11 June 2013

Healthcare and Research Ethics Need Improvement P2


Part 1 of 2 parts

With the second article, the authors bring forward a new ethical framework for the integration of research with practice in what the Institute of Medicine (IOM) calls a learning healthcare system. “The framework includes seven obligations, six of which fall on health professionals and institutions, and the 7th on patients:
  1. Respect the rights and dignity of patients
  2. Respect the clinical judgment of clinicians
  3. Provide optimal care to each patient
  4. Avoid imposing nonclinical risks and burdens on patients
  5. Address health inequalities among populations
  6. Conduct continuous learning activities that improve the quality of clinical care and health care systems
  7. Contribute to the common purpose of improving the quality and value of clinical care and health care systems”

The framework does incorporate both medical and research ethics and includes new obligations. The authors do acknowledge that the revised traditional concepts will affect the roles of healthcare providers and patients. The authors have tackled some long-standing problems with inequalities in health outcomes and in the evidence base for clinical decision-making. Among the examples of unfair inequalities the authors say should be addressed by obligation five is the scarcity of evidence for managing chronic illness in pregnant women, as compared to other adults with the same conditions. Women, and their children, would be well served by a healthcare system that continually learns from patient care.

The framework challenges previous thinking in research and clinical ethics. It calls for an ethical obligation on the part of clinicians, administrators, payors and purchasers to conduct research to improve health care quality and value, and on patients to contribute to such research. The authors write, "Just as health professionals and organizations have an obligation to learn, patients have an obligation to contribute to, participate in, and otherwise facilitate learning," that will improve the quality of the healthcare system. This is not a blanket obligation, regardless of risk. Some kinds of medical research, such as early testing of drugs still unapproved by the Food and Drug Administration, are not included and should always proceed only with the express, voluntary informed consent of the patient.

The patient obligation is to be focused on research that poses no additional risk beyond what patients face in clinical care.

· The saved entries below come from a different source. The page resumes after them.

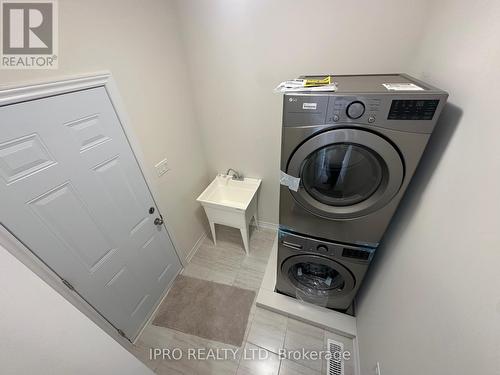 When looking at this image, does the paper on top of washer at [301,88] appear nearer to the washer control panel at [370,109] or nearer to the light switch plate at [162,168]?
the washer control panel at [370,109]

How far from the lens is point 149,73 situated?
4.41 ft

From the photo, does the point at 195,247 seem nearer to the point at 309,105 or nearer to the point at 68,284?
the point at 68,284

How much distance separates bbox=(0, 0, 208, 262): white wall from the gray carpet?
384mm

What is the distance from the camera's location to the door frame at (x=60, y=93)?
2.64 ft

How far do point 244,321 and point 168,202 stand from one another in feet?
3.80

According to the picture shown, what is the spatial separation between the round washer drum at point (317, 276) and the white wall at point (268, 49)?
0.87m

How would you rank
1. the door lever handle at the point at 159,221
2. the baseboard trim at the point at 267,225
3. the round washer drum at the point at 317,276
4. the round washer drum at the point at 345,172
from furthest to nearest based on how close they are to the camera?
the baseboard trim at the point at 267,225 < the door lever handle at the point at 159,221 < the round washer drum at the point at 317,276 < the round washer drum at the point at 345,172

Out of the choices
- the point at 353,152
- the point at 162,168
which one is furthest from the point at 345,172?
the point at 162,168

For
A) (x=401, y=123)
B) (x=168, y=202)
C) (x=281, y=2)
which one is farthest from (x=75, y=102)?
(x=401, y=123)

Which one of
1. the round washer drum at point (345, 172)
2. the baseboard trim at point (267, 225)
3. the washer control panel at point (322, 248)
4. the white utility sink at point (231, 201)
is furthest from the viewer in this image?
the baseboard trim at point (267, 225)

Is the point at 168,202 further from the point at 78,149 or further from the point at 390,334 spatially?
the point at 390,334

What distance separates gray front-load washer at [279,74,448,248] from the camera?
0.78 metres

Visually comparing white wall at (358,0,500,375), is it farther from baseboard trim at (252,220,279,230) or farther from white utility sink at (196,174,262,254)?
baseboard trim at (252,220,279,230)

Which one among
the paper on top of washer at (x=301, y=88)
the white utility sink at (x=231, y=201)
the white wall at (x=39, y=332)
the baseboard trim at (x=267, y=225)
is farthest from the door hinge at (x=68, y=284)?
the baseboard trim at (x=267, y=225)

This would exclude research that compares different types of treatments, for example, surgery to medical management. The authors add that the framework includes obligations to avoid imposing nonclinical risks and burdens on patients, and to protect their rights and interests.

This may be the key when the authors say that extraordinary opportunities for learning are lost in our current system, because physicians and researchers face significant hurdles in capturing the rich information generated from thousands of daily medical encounters with patients due to overly burdensome oversight and consent rules. The new framework is intended to help reduce these hurdles.
The authors also state that they expect their articles will spark debate, and hope they will move the transformation to a learning healthcare system forward, both in its ethical underpinnings and in practice. They write, "We claim no more than a start on a subject that merits extensive investigation, and we welcome suggestions and commentary moving forward…We are in the early days of a progressive realization of a lofty aspirational goal, but given the preventable harm, waste, and uncertainty about clinical effectiveness in health care, efforts to accelerate learning should be given high priority."

My personal feeling is that the realignment of ethics is long overdue and with the increase in technology, much clinical research needs to be researched from the daily medical records of patients. This may be where valuable research can be gleaned.